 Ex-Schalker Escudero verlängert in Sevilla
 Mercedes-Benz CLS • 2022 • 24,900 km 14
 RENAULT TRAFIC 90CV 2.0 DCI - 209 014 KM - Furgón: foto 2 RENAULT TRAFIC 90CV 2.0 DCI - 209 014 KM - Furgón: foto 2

==

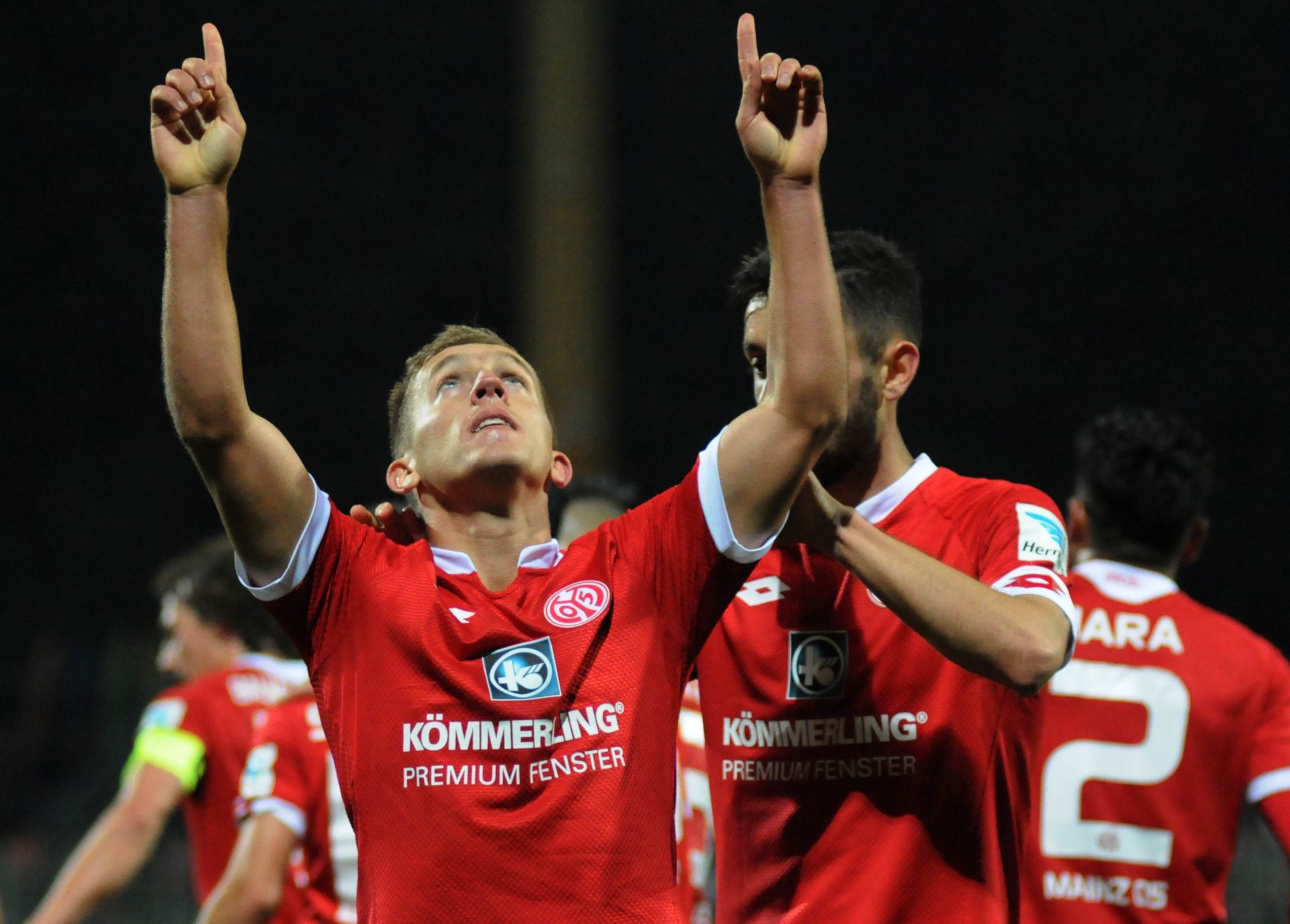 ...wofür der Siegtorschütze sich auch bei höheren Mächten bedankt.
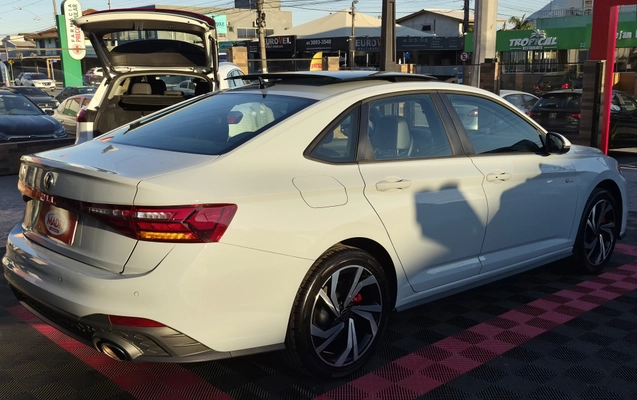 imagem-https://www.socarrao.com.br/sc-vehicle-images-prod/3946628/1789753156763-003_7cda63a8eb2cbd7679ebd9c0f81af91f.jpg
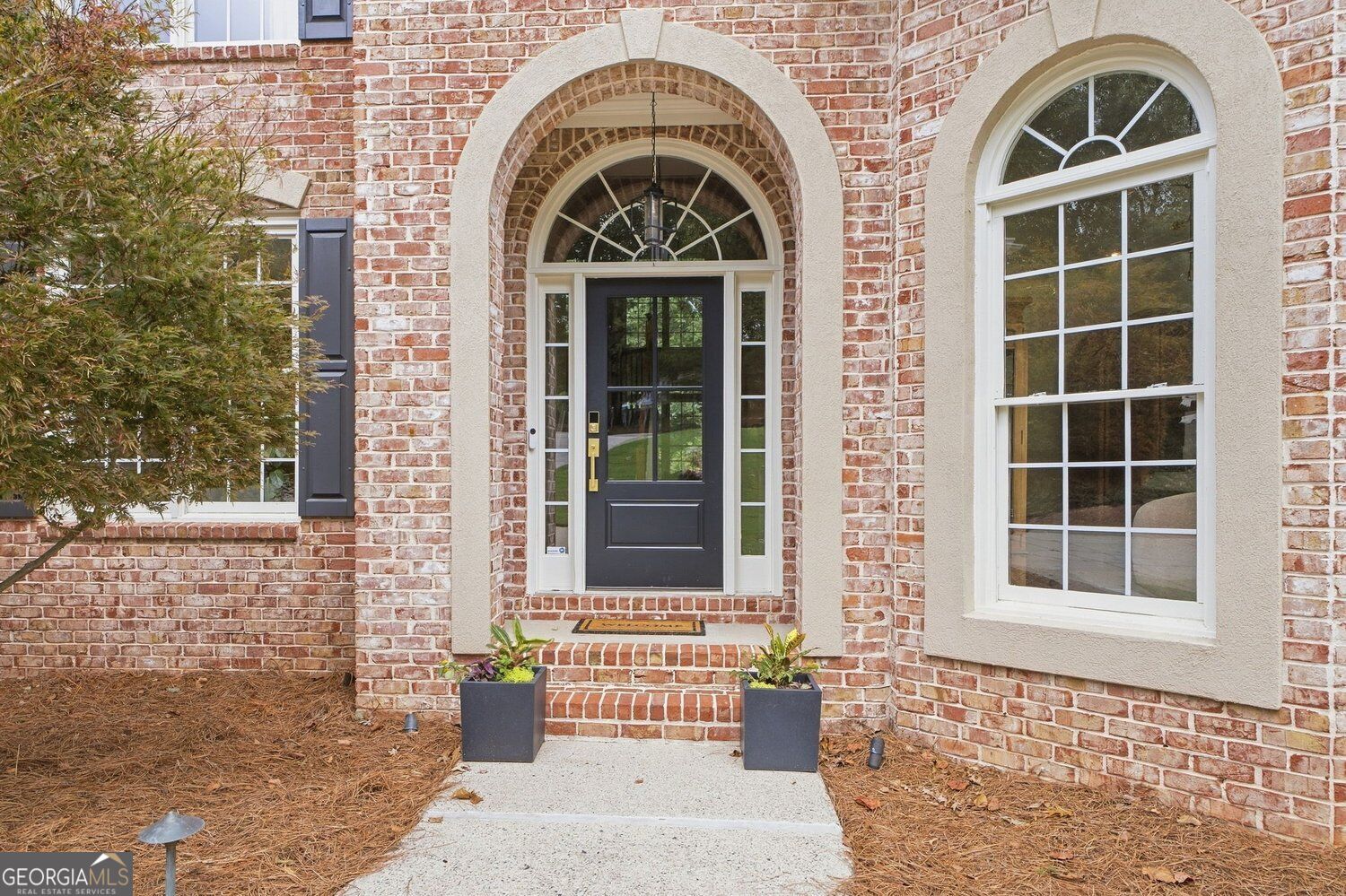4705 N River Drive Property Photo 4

---

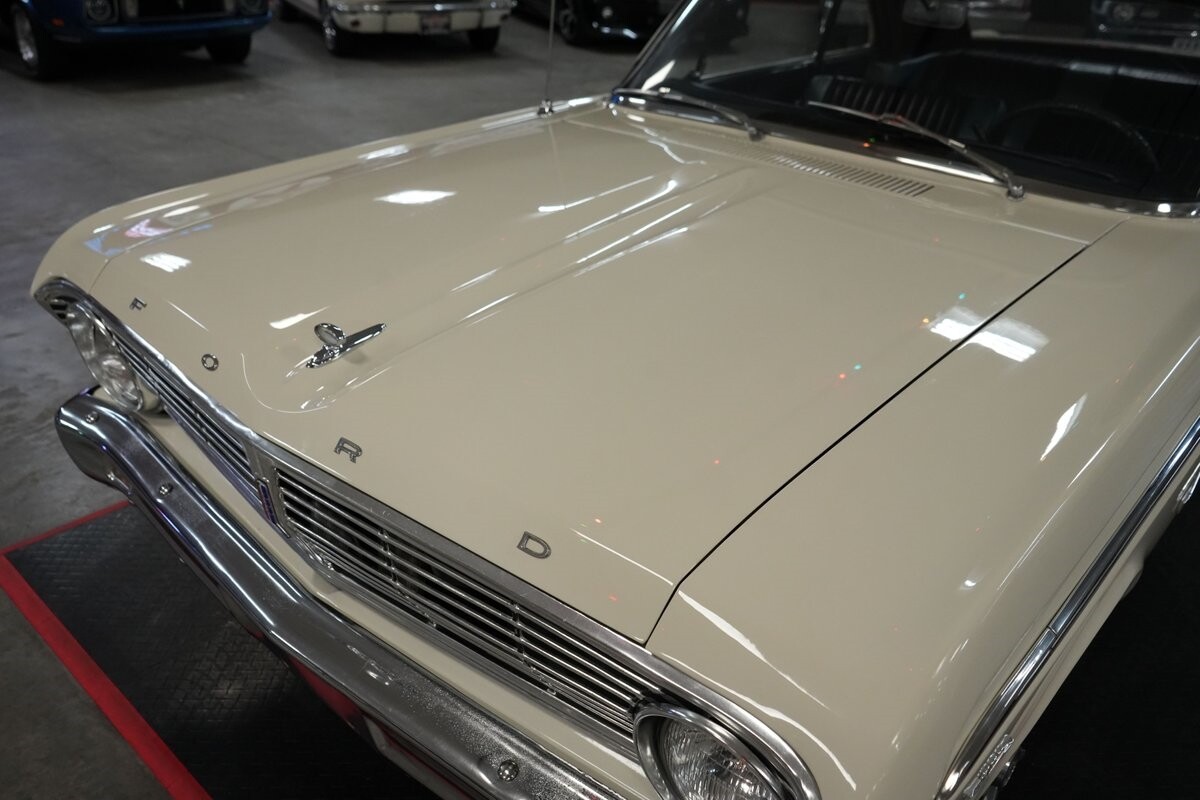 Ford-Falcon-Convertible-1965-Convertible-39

- [GOAL OF THE EXERCISE] Since only part of the listing is wanted, copy exactly the lines from the one holding "Ex-Schalker Escudero verlängert in Sevilla" to the one holding "foto 2 RENAULT", both included.

- [EXERCISE OUTPUT]
 Ex-Schalker Escudero verlängert in Sevilla
 Mercedes-Benz CLS • 2022 • 24,900 km 14
 RENAULT TRAFIC 90CV 2.0 DCI - 209 014 KM - Furgón: foto 2 RENAULT TRAFIC 90CV 2.0 DCI - 209 014 KM - Furgón: foto 2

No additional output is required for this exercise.